Occasion pour Jean-Michel Maulpoix d’introduire les notions et images de
neutre, de gris, d’ardoise « les mots du poème semblent tracés sur une
ardoise », comme celle des écoliers d’autrefois. « Tu écris, dira
Jean Michel Maulpoix, avec le gris des jours, avec le gris des mots, tu es un
ardoisier » et Antoine Emaz d’évoquer sa part de gris, cette part seule
pouvant être partagée. Il y aura aussi un temps de détente et d’humour à propos
du cycle blanc de la machine à laver, autour
de la question du délavement : « cycle blanc, 90°, javel, pour la
tête »
Dans un bref retour sur le poètes qui l’ont marqué, le poète mettra à part de
nouveau du Bouchet et Reverdy, citera Ponge, Michaux, dont il dira qu’ils lui
laissent des angles d’attaque ou de critique, salutaires, que chez eux il
n’admire pas tout, parlera aussi de Bonnefoy pour dire son indifférence par
rapport à la plupart des poèmes mais son admiration pour les proses. Constatant
une fois encore qu’avec du Bouchet, on prend tout ou on ne prend pas ! Cet
empêchement là se sera dénoué au fil du temps et autour de la question du sens.
Il affirme que selon lui un poème « doit être lisible par tout le monde
sans pré-requis ». Il se dit en plein accord avec du Bouchet sur le fait
que ce qui est en question c’est la réalité mais montre que sa conception de la
réalité englobe plus de choses, « tout un tas de choses, comme flipper,
frigo, bœuf carottes, cocotte minute ». Passent ensuite Guillevic et
quelques autres mais on retiendra surtout de nouveau la différence qui est
instaurée entre les grands auteurs chez qui il y a des parties plus faibles ou
moins nourrissantes et les très rares œuvres où il n’y a aucun angles morts.

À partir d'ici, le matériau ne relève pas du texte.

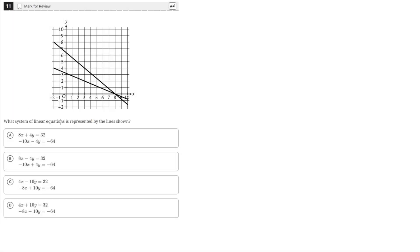What system of linear equations is represented by the lines shown? We have two lines and we need to find their equations. Looking at the answer choices, it seems like we need to write these equations in standard form.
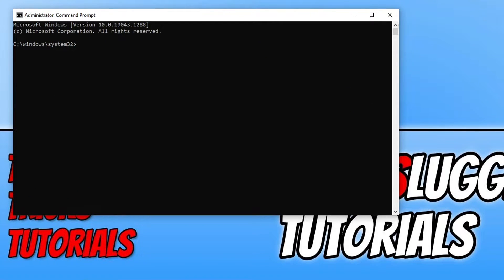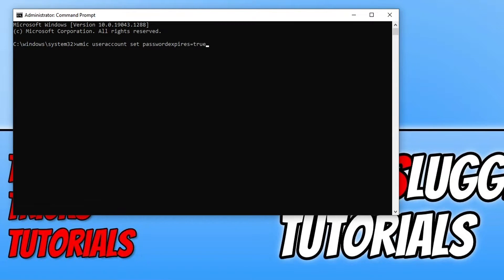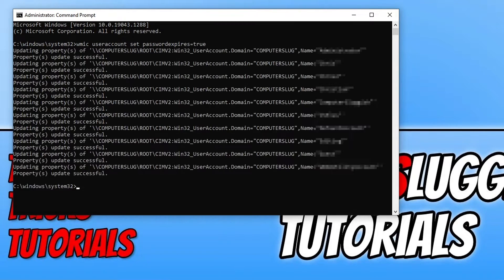We now need to type in the following command: WMIC useraccount set PasswordExpires=True, and then press Enter.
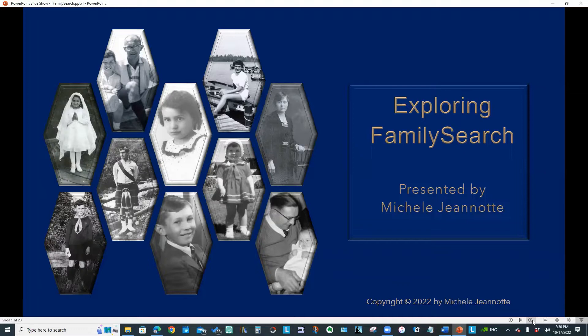Hello, everyone. This week, I'd like to share a presentation I prepared called Exploring Family Search.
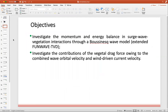The objective of this study is two-fold. One is to investigate the momentum and energy balance in surge-wave-vegetation interactions using a Boussinesq wave model, which is the extended FUNWAVE-TVD. The other is to investigate the contributions of the vegetal drag force due to the wave and current interaction.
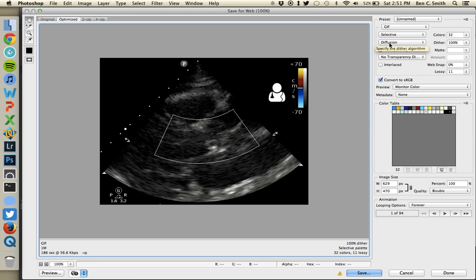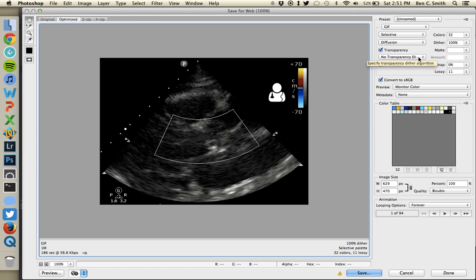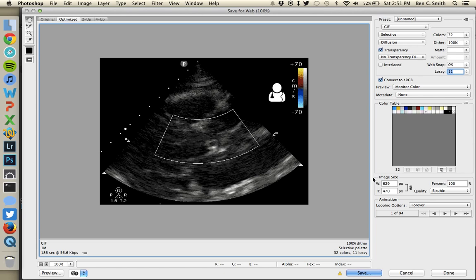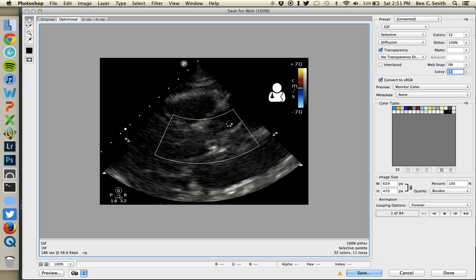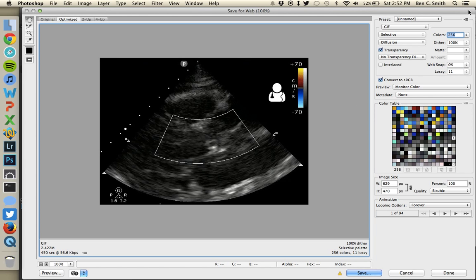Usually I keep the color reduction algorithm on Selective and dithering on Diffusion. You can leave Transparency and No Transparency Dithering selected. The most important settings that dramatically alter file size are: lossiness, number of colors, and image size. Since this ultrasound has color in it, you're going to want to go with 256 colors — for a black and white image you could use 32 or 64. Jumping to 256 colors put my file size up to 2.4 megabytes, so I'll need to adjust other settings to bring it down.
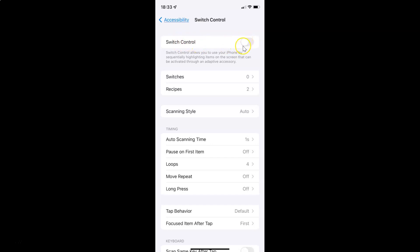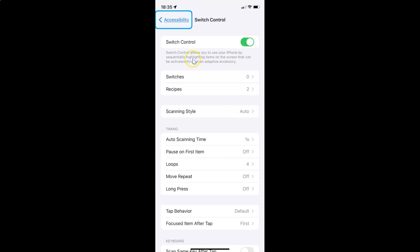Currently, switch control is turned off — you can see the toggle button is turned off next to it. To turn on switch control, you have to turn on this toggle button. Tap on it so that the slider moves to the right. And you can see it's now turned on.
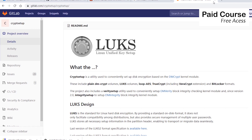HTTPS, SSH, and other encrypted protocols protect data that's in transit across a network, while full disk encryption, also known as data at rest protection, protects data that's at rest on disk. Full disk encryption also differs from file encryption in that the latter only encrypts the individual files you specify for encrypting.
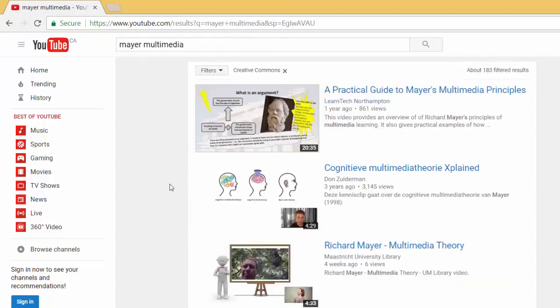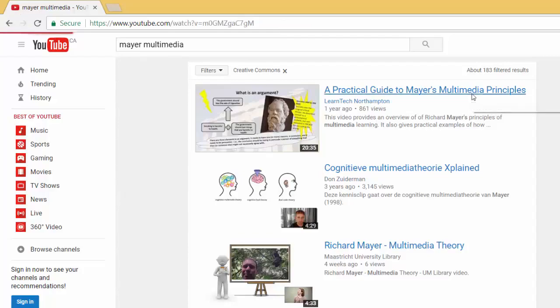All the videos that are now showing have been made available with a Creative Commons license. In order to confirm that a video has a Creative Commons license, simply select the video.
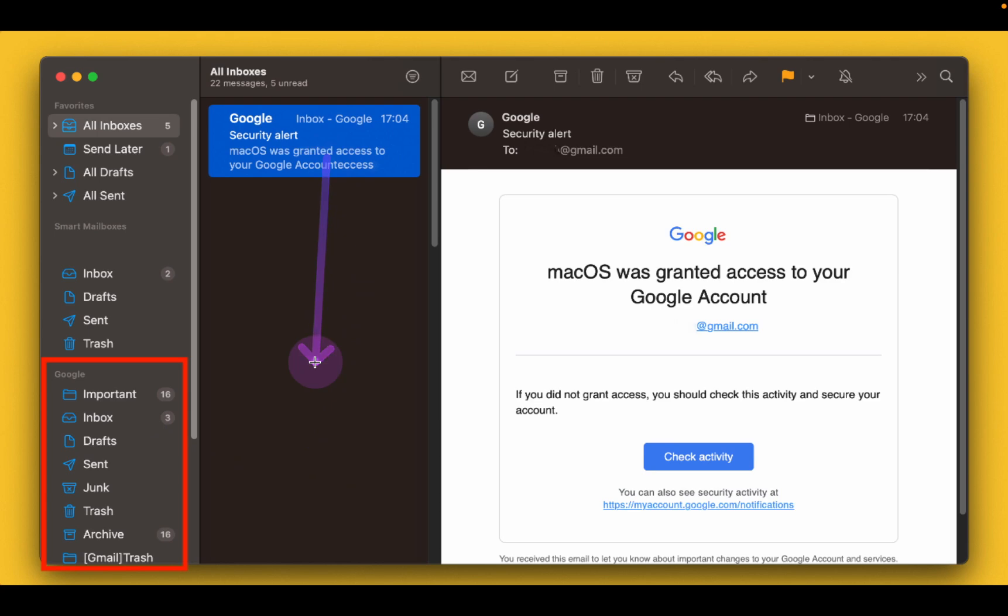From now on, all your mails belonging to your Gmail account will appear in the mail application. If you have a second Gmail address, all you need to do is to repeat the same process and the second Gmail address will appear in the left sidebar of your Apple Mail application.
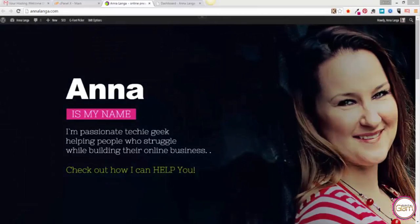Hello, in this video I want to show you how to easily and quickly move your WordPress site to a new location.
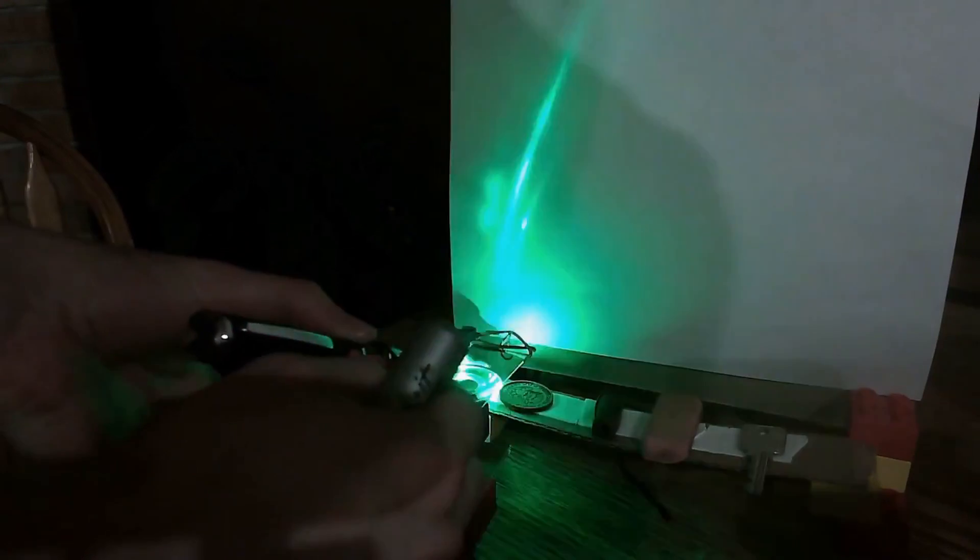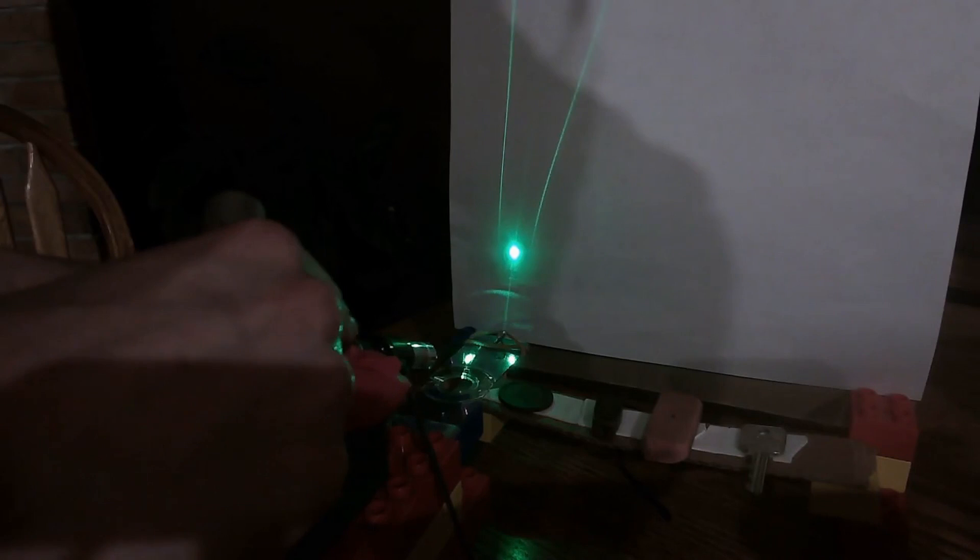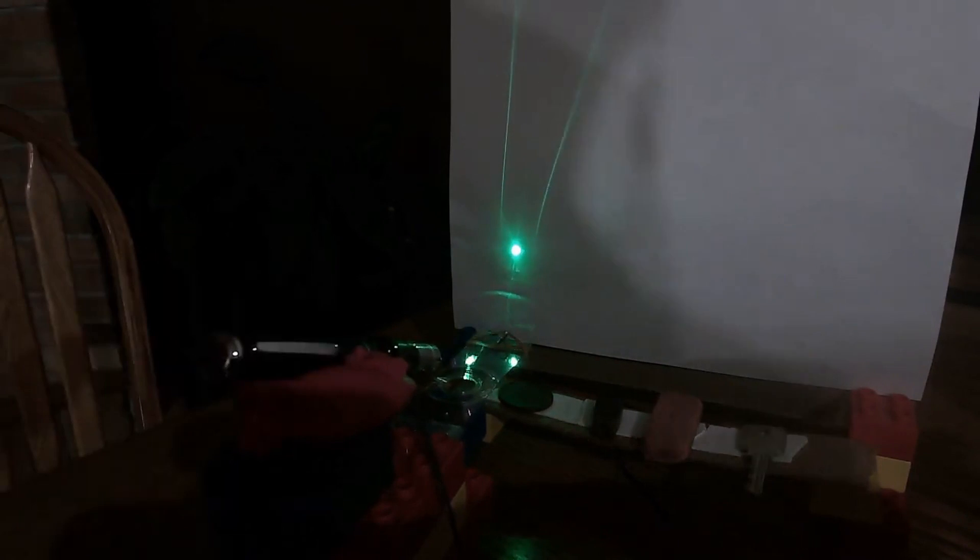This is what the AFM is going to look like when it's all put together. I turned off the lights so that the laser pointer is easier to see for the demonstration.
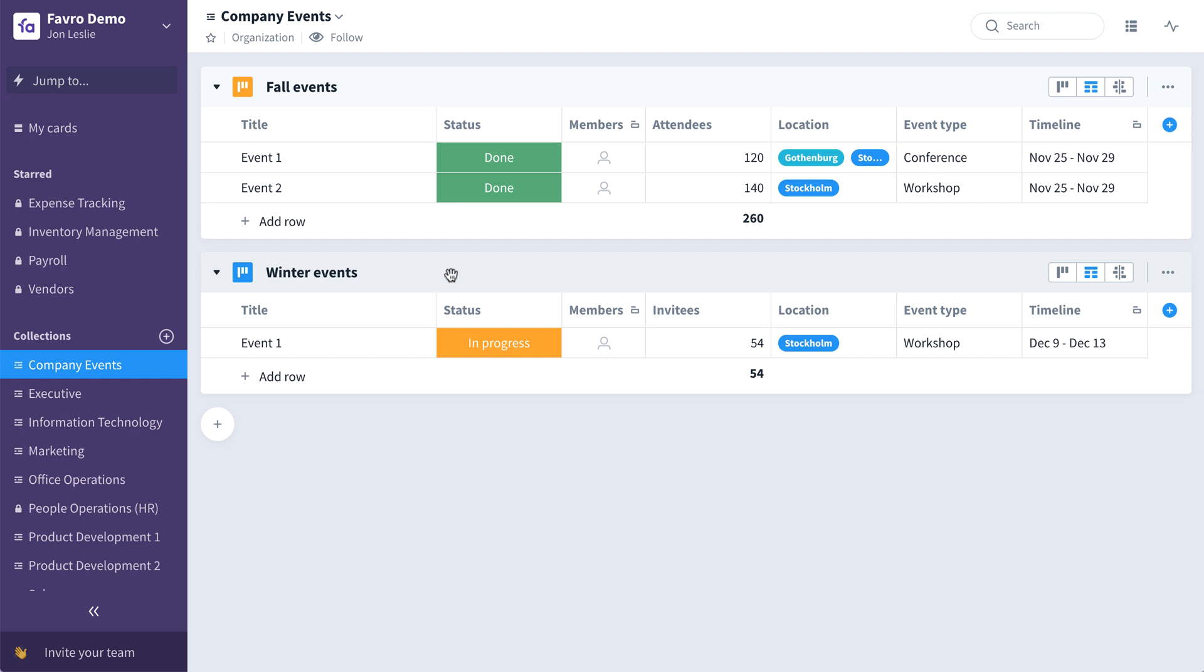Here you can create and plan your company events any way you choose: by season, by department, it's up to you. When it comes to customizing, let me show you, for example, how easy it is to add a budget column to the fall events board.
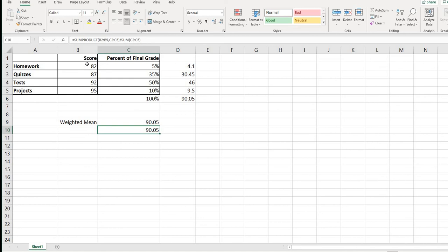Again, if your instructor requires you to show work, you can use Excel for the multiplication without doing it individually. But if you don't need to show work, you can go directly to the answer by typing equals SUMPRODUCT of the first column, comma, the second column where the weights are, divided by the SUM of the weights.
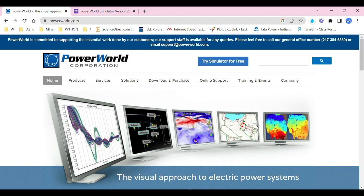Hello everyone, welcome back to our channel Beyond Horizons where we explore the fascinating world of power systems and electrical engineering. In today's video we have an exciting topic, and as you can see, it's called PowerWorld Simulator.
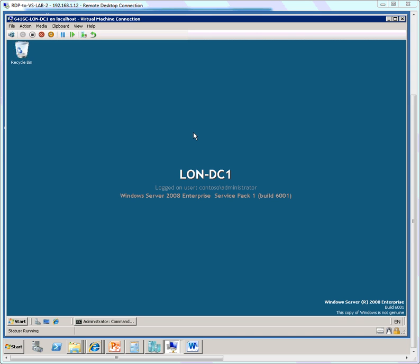In this demonstration, we're going to configure the global names DNS zone functionality and add an alias record or CNAME record to the global name zone, and also test the global names zone functionality using a ping utility.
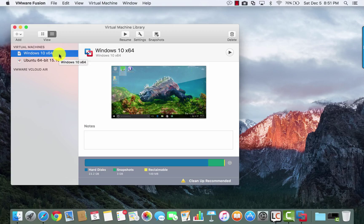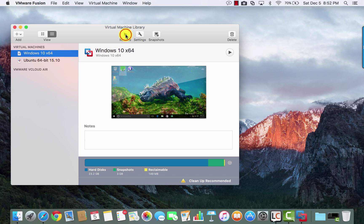All of the things you're going to see here that I'm using, I'm able to show you how to set up and explain in further detail. I'm just going to resume this virtual machine — it's currently suspended.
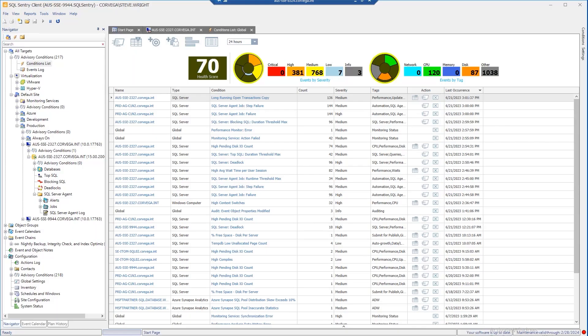SQL Sentry has a wealth of options when it comes to alerting and automated response around all kinds of conditions related to your Microsoft data platform.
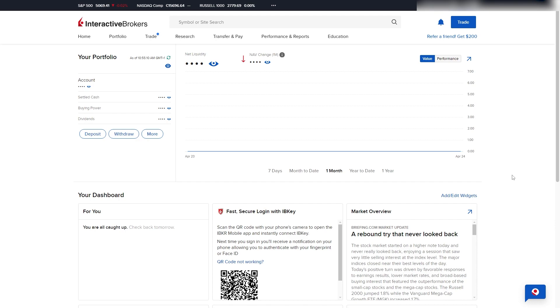So, in order to fund your Interactive Brokers account, you first need to log in and you just want to head over to the homepage, which should look similar to what you're seeing on screen right now.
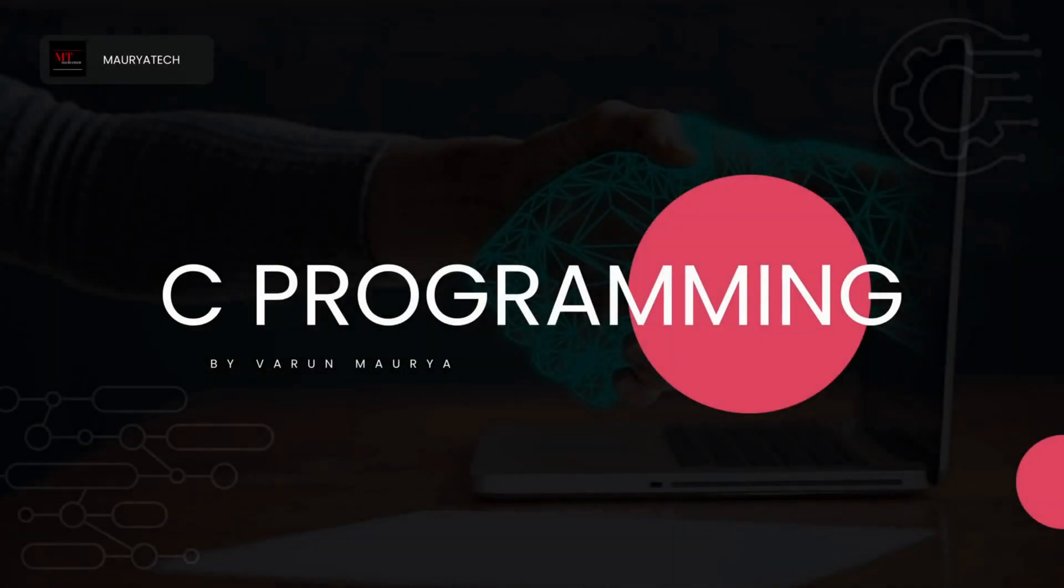Hey everyone, welcome to our C programming tutorial series. In this series we will be covering the whole C programming language. First of all, what is C programming language? C is a general-purpose procedural computer programming language that is widely used for system programming, embedded systems, and in the development of software for various platforms.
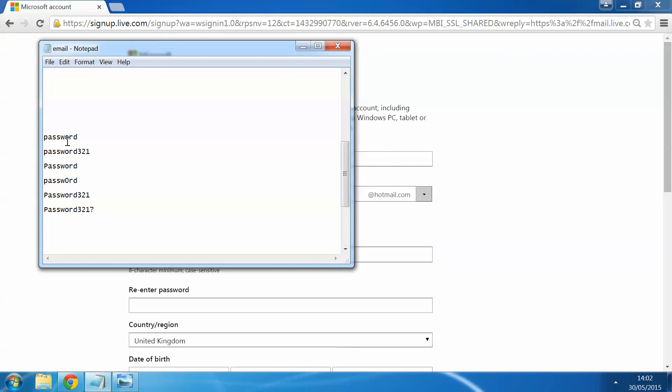These are just different ways that you can lay out your password. I wouldn't suggest using password in your password because it's a little bit easy to get hold of. So make it specific to you, something you'll be able to remember. Potentially jot it down on a piece of paper just so you can remember that. Obviously then you can keep getting in and accessing your emails.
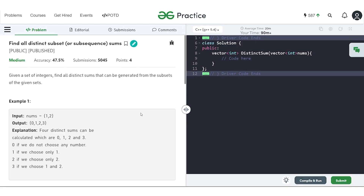In this video, we will discuss the problem 'Find All Distinct Subset Sums'. The problem says that we will be given a set of integers and we have to find all the distinct sums that can be generated from the subsets of the given set.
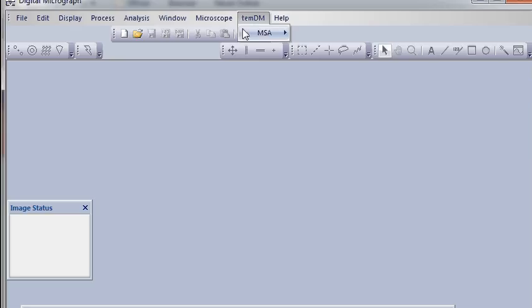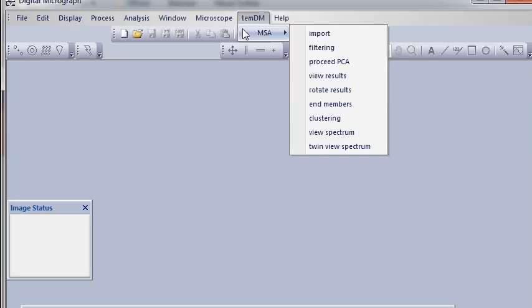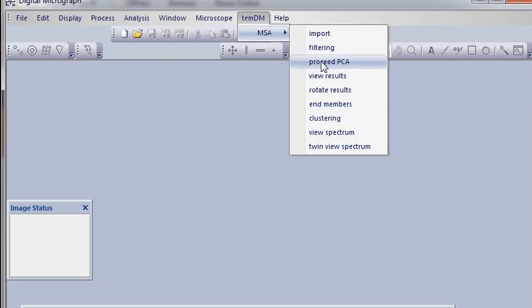It consists of a lot of sub-menu items like import, filtering, processing, and so on. Each such item is connected to a certain tool which is doing definite processing operations with your spectrum image.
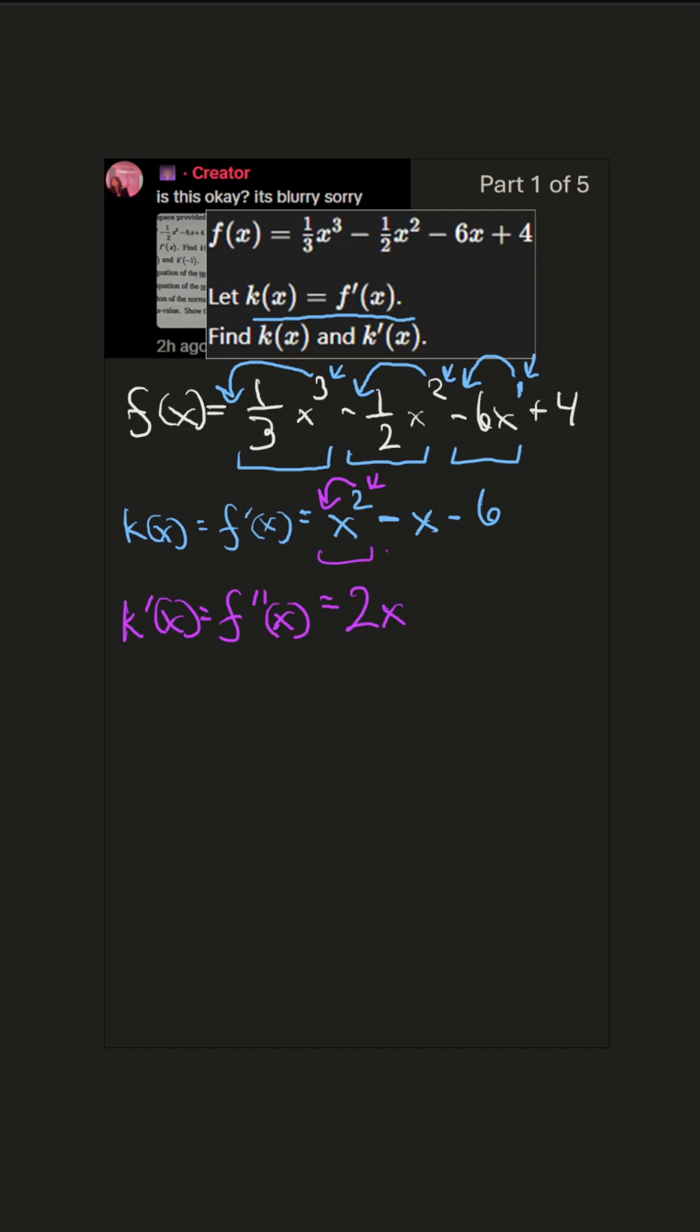And then for the next term, we see that this is x to the 1. We bring the 1 out in front. That just becomes 1. We reduce the power to 0. x to the 0 power is 1. And then the constant goes away.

Antoine Emaz évoquera encore une expérience toute récente, le crissement de la
neige, devant le Grand Palais alors qu’il était encore seul, avant la
rencontre. Il ajoutera cette formule extraordinaire : « cela va
déboiter en mots et cela emmènera quelque part ». Ou pas, ajoutera-t-il, mais
tout est sujet poétique possible, il n’y a pas de limite. Il y a des impacts
qui vont amener aux mots. « Le poème peut s’écrire à partir de n’importe
quoi ». Il n’y a pas de sujet poétique mais des éléments qui vont amener à
écrire un poème, qui est un « bâti de mots ». On est « dans du
commun, dans un petit travail, mon matériau de base est un objet, le commun en
commun ».
Il n’y a rien a priori. La base de départ du poème est ce qui s’écrit à la
suite d’un impact, d’une émotion. Quelque chose s’écrit, qui ne se maîtrise
pas. Ensuite c’est le travail et ce qui guide toujours dans ce travail, c’est
l’intuition de départ. Il n’y a pas de règle, ni dans ce que dit le poème, ni
dans le travail : « le poème m’a à l’usure et je l’ai à
l’usure ».
Beau moment ensuite sur la note, « héritage de Reverdy » et sur le
carnet qui sert à tout, réflexions, choses qui arrivent, vie familiale, ébauche
d’un poème, recette du bœuf-carottes ! A partir du carnet, deux voies pour
une partie du matériel : la voie vers le poème pour certains éléments, la
voie vers un recueil de notes pour d’autres. Les notes étant rassemblées le
plus souvent en fonction d’une commande, Lichen,
lichen, série de notes sur l’écriture pour les éditions Rehauts, ou Cambouis, extraits de deux ou trois ans
de carnets à la demande de François Bon pour le Seuil. Le carnet, c’est le
« boulot primaire au jour le jour », cinq ou vingt pages, rien de
préconçu, pour « attraper du temps qui n’est pas destiné à rester »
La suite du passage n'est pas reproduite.